At any point, if you don't remember the exact spelling of a function or argument name, you can press Tab to get autocompletion suggestions.

When inside the parentheses of a function, pressing Shift and Tab simultaneously will display a window with the signature of the function and a short description. Pressing these keys twice will expand the documentation, and pressing them three times will open a full window with the same information at the bottom of your screen.

?verify_images

Signature: verify_images(fns)
Docstring: Find images in `fns` that can't be opened
File:      c:\users\natha\anaconda3\envs\fastbook\lib\site-packages\fastai\vision\utils.py
Type:      function

In a cell, typing ?function_name and executing will show the signature of the function and a short description.

??verify_images

Signature: verify_images(fns)
Source:   
def verify_images(fns):
    "Find images in `fns` that can't be opened"
    return L(fns[i] for i,o in enumerate(parallel(verify_image, fns)) if not o)
File:      c:\users\natha\anaconda3\envs\fastbook\lib\site-packages\fastai\vision\utils.py
Type:      function

In a cell, typing ??function_name and executing will show the signature of the function, a short description, and the source code.

If you are using the fastai library, we added a doc function for you: executing doc(function_name) in a cell will open a window with the signature of the function, a short description and links to the source code on GitHub and the full documentation of the function in the library docs.

To get help at any point if you get an error, type %debug in the next cell and execute to open the Python debugger, which will let you inspect the content of every variable and test expressions.

End sidebar

One thing to be aware of in this process: as we discussed in the last chapter, models can only reflect the data used to train them.

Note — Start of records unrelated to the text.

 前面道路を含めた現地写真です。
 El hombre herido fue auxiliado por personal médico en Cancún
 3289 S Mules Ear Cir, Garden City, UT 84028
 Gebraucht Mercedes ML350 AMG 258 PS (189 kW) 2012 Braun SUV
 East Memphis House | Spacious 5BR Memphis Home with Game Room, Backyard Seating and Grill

And the world is full of biased data, which ends up reflected in, for example, Bing Image Search. For instance, let's say you were interested in creating an app that could help users figure out whether they had healthy skin, so you trained a model on the results of searches for "healthy skin". Here's the kinds of results you would get:

With this as your training data, you would end up not with a healthy skin detector, but a young white woman touching her face detector! Be sure to think carefully about the types of data that you might expect to see in practice in your application, and check carefully to ensure that all these types are reflected in your model's source data.

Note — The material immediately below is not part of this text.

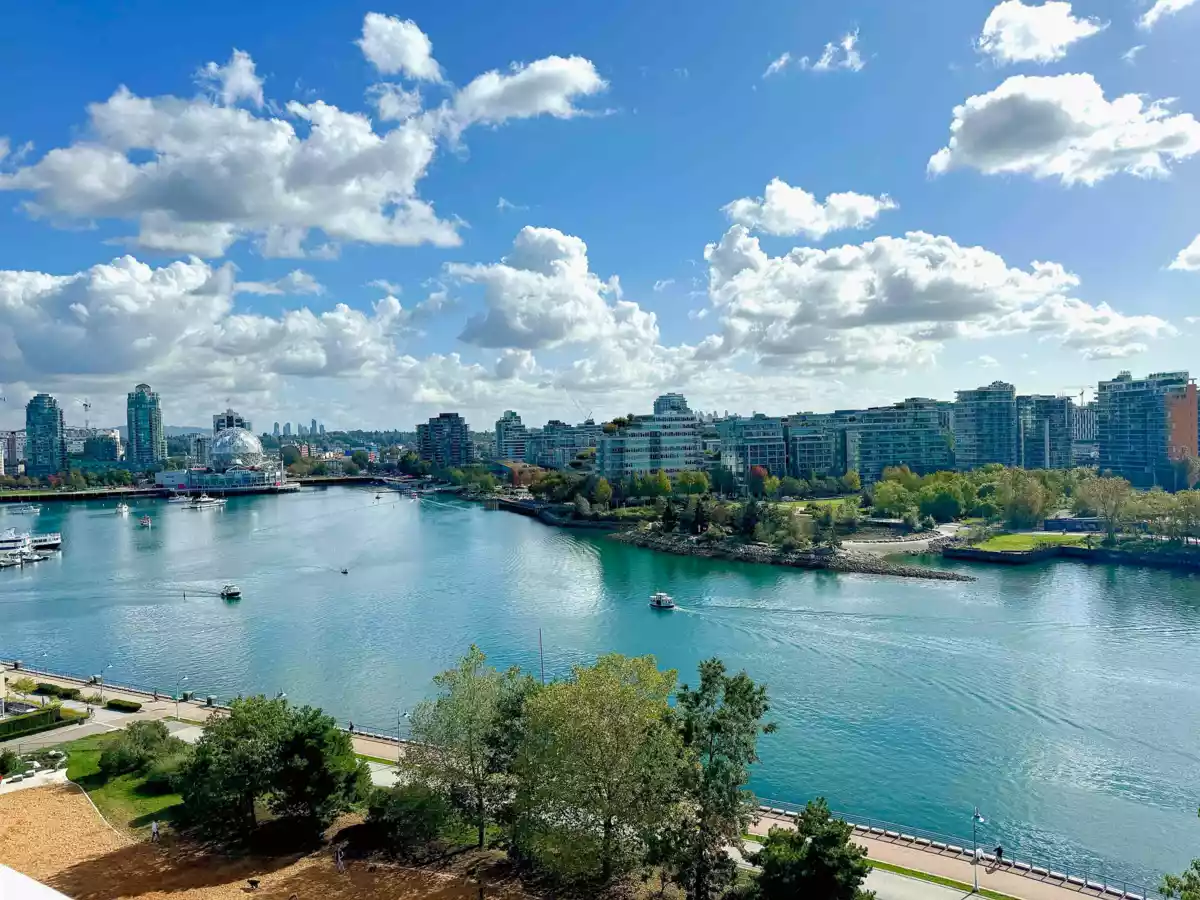 Entry Foyer Photo of 1506 980 Cooperage Way, Vancouver, BC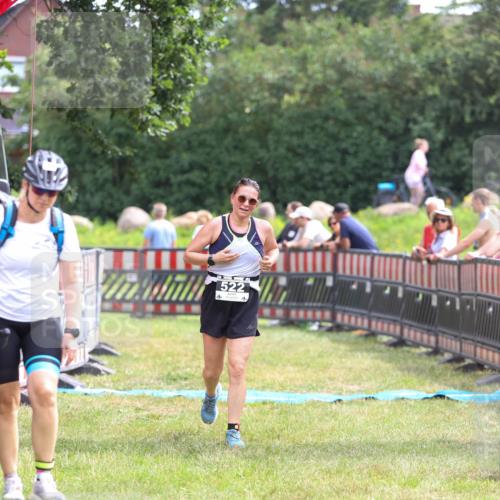 21.06.2026 - 29. Vierlanden-Triathlon Andreas Tolksdorf http://msf.ph/oto/9915381 21.06.2026 11:40:24 Ziel 522 meine-sportfotos.de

Now that we have downloaded some data, we need to assemble it in a format suitable for model training. In fastai, that means creating an object called DataLoaders.

From Data to DataLoaders

A DataLoaders is what we use to provides the data for your model. Here is what we need to create a DataLoaders for the dataset that we just downloaded :

bears = DataBlock(
    blocks=(ImageBlock, CategoryBlock),
    get_items=get_image_files, 
    splitter=RandomSplitter(valid_pct=0.2, seed=42),
    get_y=parent_label,
    item_tfms=Resize(128))

dls = bears.dataloaders(path)

The Datablock that we have just created is like a blueprint for creating a DataLoaders. This blueprint has to give to the Dataloaders at least four things:

What kinds of data we are working with (blocks)
How to get the list of items (get_items)
How to create the validation set (splitter)
How to label these items (get_y)

Let's look at each of these arguments in turn.

blocks=(ImageBlock, CategoryBlock)

blocks specify what types of data we are working with. Usually you will specify at least two blocks: one that represents your independent (input) variable, and one that represents your dependent (target) variable. In this case, our independent variables are images, and our dependent variables are the categories (type of bear) for each image.

get_items=get_image_files

get_items uses a function to tell fastai how to pickup the data. The get_image_files function takes a path, and returns a list of all of the images in that path.

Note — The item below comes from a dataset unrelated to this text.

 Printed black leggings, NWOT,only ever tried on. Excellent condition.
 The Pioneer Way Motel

splitter=RandomSplitter(valid_pct=0.2, seed=42)

splitter is used to tell how to split up the data in a training and validation set. RandomSplitter(valid_pct=0.2, seed=42) is a predefined class that split the data into a validation set and a training set. valid_pct determines the percentage of data held in the validation set, in this case 20% since valid_pc=0.2, and seed is only added to obtain the same training/validation split each time we run this notebook. Indeed computers don't really know how to create random numbers at all, but simply create lists of numbers that look random; if you provide the same starting point for that list each time—called the seed—then you will get the exact same list each time

get_y=parent_label

get_y tells fastai how to extract the y variable from the data. In fact, the independent variable is often referred to as x and the dependent variable, as y. Also, parent_label is a function provided by fastai that gets the name of the folder a file is in. We can use this function because we put each of our bear images into folders based on the type of bear.

item_tfms=Resize(128)

item_tfms is an optional argument that we can include to specify any additional processing ran on each individual item, whether it be an image, category, or so forth. We use Resize(128) which resizes all images to 128x128, because our images are all different sizes, and this is a problem for deep learning: we don't feed the model one image at a time but several of them (what we call a mini-batch). To group them in a big array (usually called a tensor) that is going to go through our model, they all need to be of the same size.

dls = bears.dataloaders(path)

As we said earlier, the Datablock that we have just created is like a blueprint for creating a DataLoaders. However, we still need to tell fastai the actual source of our data—in this case, the path where the images can be found.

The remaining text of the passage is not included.